HypER introduces a hyperbolic reservoir for Echo State Networks that better captures chaotic dynamics, significantly extending prediction horizons in both synthetic and real-world chaotic systems.

Contribution

It proposes a novel hyperbolic embedding reservoir that aligns with chaos geometry, improving long-term prediction in chaotic systems over traditional ESNs.

Findings

HypER outperforms Euclidean ESNs in predicting chaotic systems.

HypER achieves statistically significant longer prediction horizons.
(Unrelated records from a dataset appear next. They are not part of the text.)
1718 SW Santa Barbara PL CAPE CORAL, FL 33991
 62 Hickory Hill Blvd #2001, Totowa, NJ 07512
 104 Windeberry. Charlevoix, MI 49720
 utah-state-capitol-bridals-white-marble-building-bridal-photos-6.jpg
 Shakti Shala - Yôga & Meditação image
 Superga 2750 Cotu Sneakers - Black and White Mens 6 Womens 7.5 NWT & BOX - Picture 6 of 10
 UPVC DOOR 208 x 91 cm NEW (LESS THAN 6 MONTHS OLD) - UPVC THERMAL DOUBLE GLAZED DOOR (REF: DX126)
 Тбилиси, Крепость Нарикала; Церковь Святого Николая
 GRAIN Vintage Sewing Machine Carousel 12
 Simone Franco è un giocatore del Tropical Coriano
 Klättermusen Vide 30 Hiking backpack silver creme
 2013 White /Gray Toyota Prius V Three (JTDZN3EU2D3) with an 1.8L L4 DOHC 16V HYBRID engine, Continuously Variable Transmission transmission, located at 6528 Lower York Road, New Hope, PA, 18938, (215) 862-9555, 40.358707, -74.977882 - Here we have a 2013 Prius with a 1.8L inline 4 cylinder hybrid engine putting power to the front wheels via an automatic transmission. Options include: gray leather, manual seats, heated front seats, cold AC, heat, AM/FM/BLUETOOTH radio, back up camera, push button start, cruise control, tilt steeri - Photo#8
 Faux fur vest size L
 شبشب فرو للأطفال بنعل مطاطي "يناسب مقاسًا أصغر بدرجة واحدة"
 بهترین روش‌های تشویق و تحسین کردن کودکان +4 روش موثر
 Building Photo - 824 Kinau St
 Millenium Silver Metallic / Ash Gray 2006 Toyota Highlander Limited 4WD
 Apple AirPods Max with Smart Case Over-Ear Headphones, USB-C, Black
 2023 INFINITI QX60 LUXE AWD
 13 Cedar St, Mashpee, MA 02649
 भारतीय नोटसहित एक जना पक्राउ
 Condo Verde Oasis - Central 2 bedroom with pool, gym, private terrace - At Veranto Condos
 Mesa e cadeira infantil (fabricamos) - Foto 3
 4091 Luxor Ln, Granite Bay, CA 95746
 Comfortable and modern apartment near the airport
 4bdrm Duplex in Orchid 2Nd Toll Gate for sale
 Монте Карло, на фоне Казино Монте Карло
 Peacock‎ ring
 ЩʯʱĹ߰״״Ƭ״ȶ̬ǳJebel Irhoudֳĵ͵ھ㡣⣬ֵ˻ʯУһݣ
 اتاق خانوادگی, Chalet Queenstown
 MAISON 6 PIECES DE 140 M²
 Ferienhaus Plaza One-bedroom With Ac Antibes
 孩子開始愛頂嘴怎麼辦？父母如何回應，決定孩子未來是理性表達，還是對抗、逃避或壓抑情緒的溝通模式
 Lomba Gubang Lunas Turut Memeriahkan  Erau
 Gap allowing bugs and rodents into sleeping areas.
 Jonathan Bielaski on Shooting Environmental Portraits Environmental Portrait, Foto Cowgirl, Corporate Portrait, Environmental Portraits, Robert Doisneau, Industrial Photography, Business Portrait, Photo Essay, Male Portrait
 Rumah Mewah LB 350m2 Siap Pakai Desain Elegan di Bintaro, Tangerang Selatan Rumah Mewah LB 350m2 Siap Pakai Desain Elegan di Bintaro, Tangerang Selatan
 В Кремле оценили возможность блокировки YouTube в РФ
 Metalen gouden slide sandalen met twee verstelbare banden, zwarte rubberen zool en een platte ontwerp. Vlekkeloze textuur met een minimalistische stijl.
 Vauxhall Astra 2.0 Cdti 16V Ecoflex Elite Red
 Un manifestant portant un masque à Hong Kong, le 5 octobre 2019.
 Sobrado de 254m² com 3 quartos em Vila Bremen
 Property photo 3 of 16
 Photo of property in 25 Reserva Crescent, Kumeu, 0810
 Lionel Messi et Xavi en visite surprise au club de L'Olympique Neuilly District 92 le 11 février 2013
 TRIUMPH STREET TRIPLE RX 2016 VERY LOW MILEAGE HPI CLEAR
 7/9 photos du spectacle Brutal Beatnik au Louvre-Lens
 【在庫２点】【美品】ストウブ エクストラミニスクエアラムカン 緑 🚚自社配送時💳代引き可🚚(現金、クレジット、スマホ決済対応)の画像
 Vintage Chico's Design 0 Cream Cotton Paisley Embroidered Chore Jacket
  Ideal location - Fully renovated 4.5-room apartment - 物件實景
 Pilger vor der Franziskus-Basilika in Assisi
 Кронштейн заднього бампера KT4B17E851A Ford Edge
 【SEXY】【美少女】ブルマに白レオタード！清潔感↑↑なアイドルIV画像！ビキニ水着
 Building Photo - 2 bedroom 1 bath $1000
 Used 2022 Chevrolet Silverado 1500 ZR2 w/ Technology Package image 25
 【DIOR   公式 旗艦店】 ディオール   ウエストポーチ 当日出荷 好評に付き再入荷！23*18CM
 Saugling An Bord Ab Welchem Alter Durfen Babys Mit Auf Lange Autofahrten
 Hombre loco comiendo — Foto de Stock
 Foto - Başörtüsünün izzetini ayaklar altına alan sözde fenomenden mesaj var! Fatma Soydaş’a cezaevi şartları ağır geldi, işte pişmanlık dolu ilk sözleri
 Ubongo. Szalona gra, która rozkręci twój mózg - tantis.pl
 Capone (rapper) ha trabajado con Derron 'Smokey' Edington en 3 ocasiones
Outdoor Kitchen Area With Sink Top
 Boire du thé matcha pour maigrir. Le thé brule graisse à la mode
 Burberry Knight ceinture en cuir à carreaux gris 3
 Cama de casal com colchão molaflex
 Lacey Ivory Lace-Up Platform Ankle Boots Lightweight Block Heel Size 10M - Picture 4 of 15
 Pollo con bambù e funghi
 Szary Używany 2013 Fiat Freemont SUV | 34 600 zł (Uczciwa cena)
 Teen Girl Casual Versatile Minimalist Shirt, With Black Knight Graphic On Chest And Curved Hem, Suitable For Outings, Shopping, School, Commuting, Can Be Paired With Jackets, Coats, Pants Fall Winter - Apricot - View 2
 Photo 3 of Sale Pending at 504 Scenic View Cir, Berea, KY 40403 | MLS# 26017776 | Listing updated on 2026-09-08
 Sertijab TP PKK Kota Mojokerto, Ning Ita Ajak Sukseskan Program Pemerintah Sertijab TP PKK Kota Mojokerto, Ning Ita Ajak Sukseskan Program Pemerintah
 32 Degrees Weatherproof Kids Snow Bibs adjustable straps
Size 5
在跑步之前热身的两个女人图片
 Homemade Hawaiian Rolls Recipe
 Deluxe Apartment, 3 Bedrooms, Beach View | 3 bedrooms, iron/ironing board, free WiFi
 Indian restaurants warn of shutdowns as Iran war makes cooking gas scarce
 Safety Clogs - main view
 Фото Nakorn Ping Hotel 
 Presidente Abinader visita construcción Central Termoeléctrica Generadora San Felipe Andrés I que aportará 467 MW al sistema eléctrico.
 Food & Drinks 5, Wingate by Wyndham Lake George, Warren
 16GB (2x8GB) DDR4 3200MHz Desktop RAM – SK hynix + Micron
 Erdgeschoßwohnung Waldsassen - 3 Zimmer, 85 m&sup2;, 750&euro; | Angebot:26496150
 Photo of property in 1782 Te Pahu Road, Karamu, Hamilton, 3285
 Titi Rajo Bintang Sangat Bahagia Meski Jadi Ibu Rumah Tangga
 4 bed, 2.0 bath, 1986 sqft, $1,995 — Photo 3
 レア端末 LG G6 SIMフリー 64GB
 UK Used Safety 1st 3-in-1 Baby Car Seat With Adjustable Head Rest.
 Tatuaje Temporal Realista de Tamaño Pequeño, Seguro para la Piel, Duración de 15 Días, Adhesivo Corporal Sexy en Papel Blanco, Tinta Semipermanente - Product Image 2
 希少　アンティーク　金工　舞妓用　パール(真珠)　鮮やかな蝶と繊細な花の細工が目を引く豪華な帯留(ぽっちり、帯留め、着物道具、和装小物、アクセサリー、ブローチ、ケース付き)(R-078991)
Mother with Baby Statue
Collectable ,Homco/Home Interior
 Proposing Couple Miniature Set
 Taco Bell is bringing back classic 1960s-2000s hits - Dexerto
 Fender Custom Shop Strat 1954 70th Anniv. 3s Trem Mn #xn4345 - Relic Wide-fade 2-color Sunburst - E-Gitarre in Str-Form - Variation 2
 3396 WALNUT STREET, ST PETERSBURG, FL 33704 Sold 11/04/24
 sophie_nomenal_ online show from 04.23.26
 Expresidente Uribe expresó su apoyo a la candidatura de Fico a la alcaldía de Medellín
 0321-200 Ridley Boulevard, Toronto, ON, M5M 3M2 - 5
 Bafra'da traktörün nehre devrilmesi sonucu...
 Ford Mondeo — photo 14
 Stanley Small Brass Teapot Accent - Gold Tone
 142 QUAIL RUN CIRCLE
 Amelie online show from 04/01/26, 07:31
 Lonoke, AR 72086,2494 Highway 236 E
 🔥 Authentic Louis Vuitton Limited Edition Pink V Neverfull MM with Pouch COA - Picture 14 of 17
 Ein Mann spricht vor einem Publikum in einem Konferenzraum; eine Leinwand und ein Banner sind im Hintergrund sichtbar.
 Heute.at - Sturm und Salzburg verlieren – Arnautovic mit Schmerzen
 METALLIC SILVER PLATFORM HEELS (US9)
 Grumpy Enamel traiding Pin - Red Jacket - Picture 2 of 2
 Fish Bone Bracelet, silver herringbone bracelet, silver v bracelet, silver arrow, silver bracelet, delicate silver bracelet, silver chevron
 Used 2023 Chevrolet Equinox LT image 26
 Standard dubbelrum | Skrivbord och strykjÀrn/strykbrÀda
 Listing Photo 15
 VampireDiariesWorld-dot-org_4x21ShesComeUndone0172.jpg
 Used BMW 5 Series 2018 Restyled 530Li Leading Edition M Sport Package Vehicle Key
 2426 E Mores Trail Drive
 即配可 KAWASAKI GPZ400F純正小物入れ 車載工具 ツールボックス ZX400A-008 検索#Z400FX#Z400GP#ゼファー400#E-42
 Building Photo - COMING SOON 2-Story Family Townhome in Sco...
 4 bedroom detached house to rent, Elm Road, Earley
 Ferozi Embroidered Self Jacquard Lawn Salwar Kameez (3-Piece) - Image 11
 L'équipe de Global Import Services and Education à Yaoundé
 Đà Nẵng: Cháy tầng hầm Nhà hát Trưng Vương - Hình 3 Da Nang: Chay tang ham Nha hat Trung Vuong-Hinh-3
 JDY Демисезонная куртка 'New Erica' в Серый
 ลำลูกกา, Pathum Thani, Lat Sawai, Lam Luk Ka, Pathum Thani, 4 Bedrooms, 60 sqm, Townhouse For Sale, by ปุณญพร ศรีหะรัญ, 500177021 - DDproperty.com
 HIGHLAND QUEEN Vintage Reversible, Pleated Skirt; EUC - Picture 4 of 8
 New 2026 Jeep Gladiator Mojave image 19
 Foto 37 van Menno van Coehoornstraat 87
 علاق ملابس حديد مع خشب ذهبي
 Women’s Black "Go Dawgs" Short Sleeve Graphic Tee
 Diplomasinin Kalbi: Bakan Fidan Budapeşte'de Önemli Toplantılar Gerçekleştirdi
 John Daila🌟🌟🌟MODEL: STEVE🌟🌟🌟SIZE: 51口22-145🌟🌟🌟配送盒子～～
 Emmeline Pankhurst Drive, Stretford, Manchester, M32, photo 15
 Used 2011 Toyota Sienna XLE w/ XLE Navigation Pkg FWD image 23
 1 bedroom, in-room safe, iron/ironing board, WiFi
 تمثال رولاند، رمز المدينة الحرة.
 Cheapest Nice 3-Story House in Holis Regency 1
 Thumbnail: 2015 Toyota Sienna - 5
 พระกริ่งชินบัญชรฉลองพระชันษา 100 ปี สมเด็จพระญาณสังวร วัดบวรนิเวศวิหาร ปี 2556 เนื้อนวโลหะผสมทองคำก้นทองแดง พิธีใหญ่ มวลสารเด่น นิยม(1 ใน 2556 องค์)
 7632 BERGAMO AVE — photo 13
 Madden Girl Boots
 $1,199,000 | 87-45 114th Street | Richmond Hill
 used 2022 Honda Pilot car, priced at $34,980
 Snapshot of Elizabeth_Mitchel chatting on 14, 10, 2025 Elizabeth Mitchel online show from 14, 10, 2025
Results are validated on synthetic and real-world datasets.

Abstract

Forecasting chaotic dynamics beyond a few Lyapunov times is difficult because infinitesimal errors grow exponentially. Existing Echo State Networks (ESNs) mitigate this growth but employ reservoirs whose Euclidean geometry is mismatched to the stretch-and-fold structure of chaos. We introduce the Hyperbolic Embedding Reservoir (HypER), an ESN whose neurons are sampled in the Poincare ball and whose connections decay exponentially with hyperbolic distance. This negative-curvature construction embeds an exponential metric directly into the latent space, aligning the reservoir's local expansion-contraction spectrum with the system's Lyapunov directions while preserving standard ESN features such as sparsity, leaky integration, and spectral-radius control. Training is limited to a Tikhonov-regularized readout. On the chaotic Lorenz-63 and Roessler systems, and the hyperchaotic Chen-Ueta attractor, HypER consistently lengthens the mean valid-prediction horizon beyond Euclidean and graph-structured ESN baselines, with statistically significant gains confirmed over 30 independent runs; parallel results on real-world benchmarks, including heart-rate variability from the Santa Fe and MIT-BIH datasets and international sunspot numbers, corroborate its advantage. We further establish a lower bound on the rate of state divergence for HypER, mirroring Lyapunov growth.